0
votes

I want to get the offset in samples between two datasets in Matlab (getting them synced in time), a quite common issue. Therefore I use the cross correlation function xcorr or the cross covariance function xcov (both provide similar results in most cases for this purpose). With artificial data it works fine, but I struggle with "real" data, even though it should be pretty much the same. Matlab always says the offset would be zero. I'm using this simple piece of code:

[crossCorr] = xcov(b, c);
[~, peakIndex] = max(crossCorr())
offset = peakIndex - length(b)

I've posted a fully runable example m-file with a downsampled data excerpt on pastebin: Code with data on pastebin

EDIT: The downsampled excerpt seems to be not fully suitable for evaluating the effect. Here's a much larger sample with the original frequency, pease use this one instead. Unfortunately it was too big for pastebin.

As the plot shows it should be no problem at all to get the offset via cross covariance. I also tried to scale the data nicer in order to avoid numerical problems, but that didn't change anything at all.

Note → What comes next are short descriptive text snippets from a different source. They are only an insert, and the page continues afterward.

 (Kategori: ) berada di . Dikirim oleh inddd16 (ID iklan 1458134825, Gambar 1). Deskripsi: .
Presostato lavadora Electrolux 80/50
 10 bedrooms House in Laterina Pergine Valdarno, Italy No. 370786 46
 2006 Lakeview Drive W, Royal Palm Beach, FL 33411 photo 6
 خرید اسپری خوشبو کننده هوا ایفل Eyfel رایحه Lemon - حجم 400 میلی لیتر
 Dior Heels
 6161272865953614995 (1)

Would be great if someone could tell me my mistake.

3
How did you theoretical data look? I am not completely sure here, but it could be that you have to few periods in your data. Let's say that you have a peak at 0 in one set and a peak on 5 in the other set. Then 5 should have a really high correlation compared to the rest. but your data is like a long slope. The value at 0 is comparable to the value in 5. This gives you (as you probably have seen) a quite low correlation over all. It is possible that this technic is supposed to work anyway, but that is my guess. You could try different theoretical data an try to compare.patrik
Thanks. This here was my theoretical test. I was quite impressed, that even noise with the same amplitude as the random signal was no problem at all. The real data is not periodical, but the excerpt was a bit short. Here's a much longer excerpt, but I unfortunately had to downsample it much more for pastebin accepting it.user3296542

3 Answers

1
votes

There's nothing wrong with your method in principle, I used exactly the same approach successfully for temporally aligning different audio recordings of the same signal.

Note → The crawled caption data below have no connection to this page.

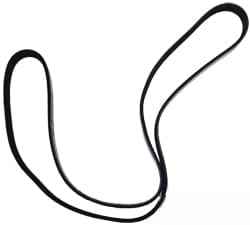 4273270m1 ремень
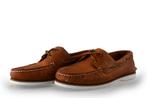 Timberland Bootschoenen in maat 43 Bruin | 5% extra korting, Kleding | Heren, Schoenen, Bruin, Verzenden, Timberland, Gedragen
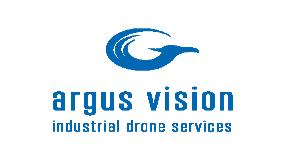 Argus Vision www.argusvision.be Jonas Van de Winkel, Zaakvoerder jonas@argusvision.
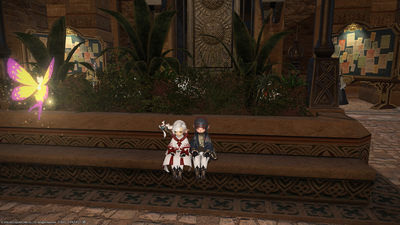 ffxiv_10132013_015207.png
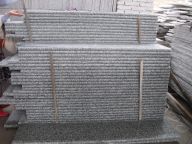G623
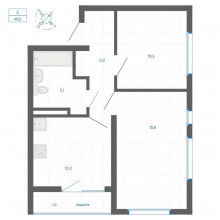    , ,   , 39,  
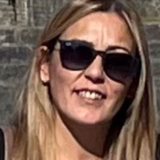 Derya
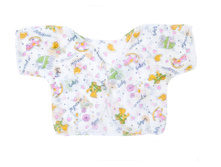 014 ���������� �������� 29,1 ���.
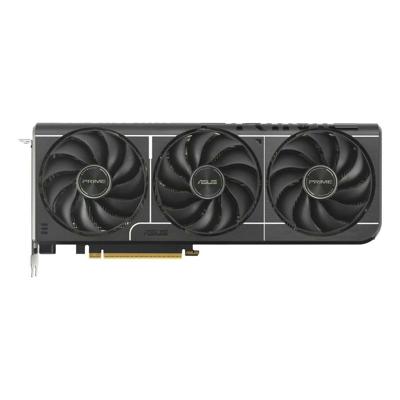 VGA ASUS GeForce RTX 5060 TI PRIME-RTX5060TI-O16G VGA ASUS GeForce RTX 5060 TI PRIME-RTX5060TI-O16G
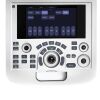 EDAN AX2 Diagnostic Ultrasounds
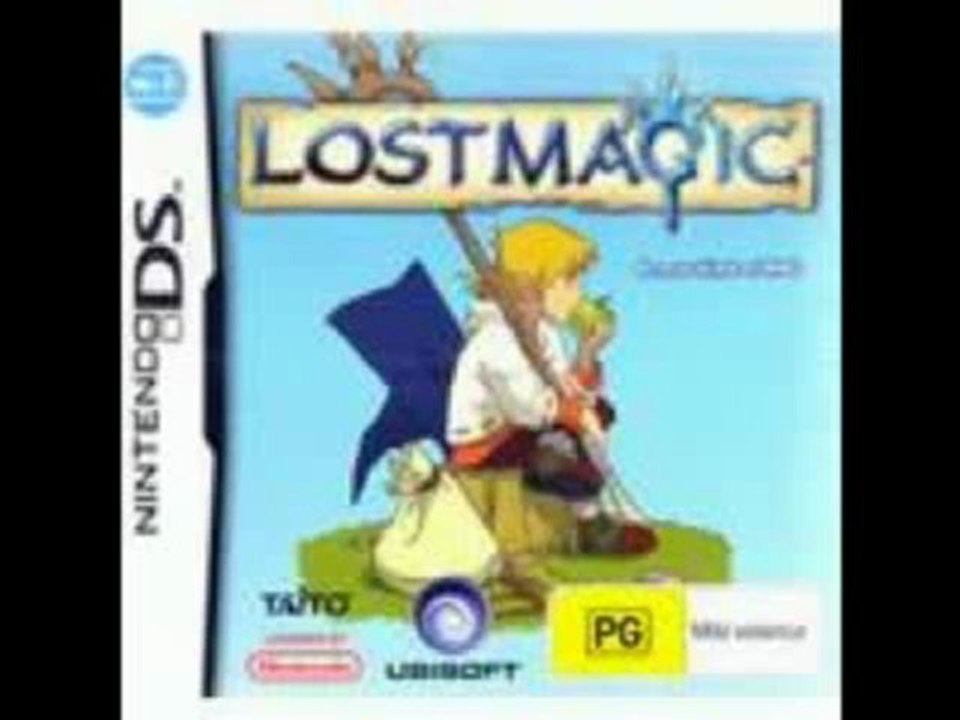 Bad day by Daniel Powter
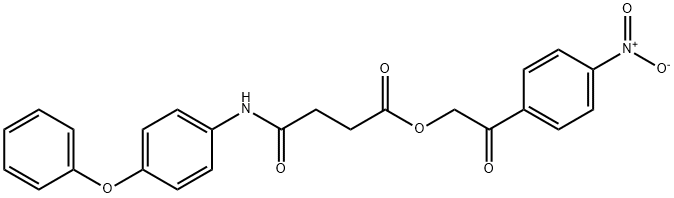 356089-93-5 structural image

However, it appears that for your time series, correlation (or covariance) is simply not the right measure to compare shifted versions – possibly because they contain components of a time scale comparable to the total length. An alternative is to use residual variance, i.e. the variance of the difference between shifted versions. Here is a (not particularly elegant) implementation of this idea:

lags = -1000 : 1000;
v = nan(size(lags));
for i = 1 : numel(lags)
    lag = lags(i);
    if lag >= 0
        v(i) = var(b(1 + lag : end) - c(1 : end - lag));
    else
        v(i) = var(b(1 : end + lag) - c(1 - lag : end));
    end
end
[~, ind] = min(v);
minlag = lags(ind);

For your (longer) data set, this results in minlag = 169. Plotting residual variance over lags gives:

lag-vs-var

0
votes

Your data has a minor peak around 5 and a major peak around 101.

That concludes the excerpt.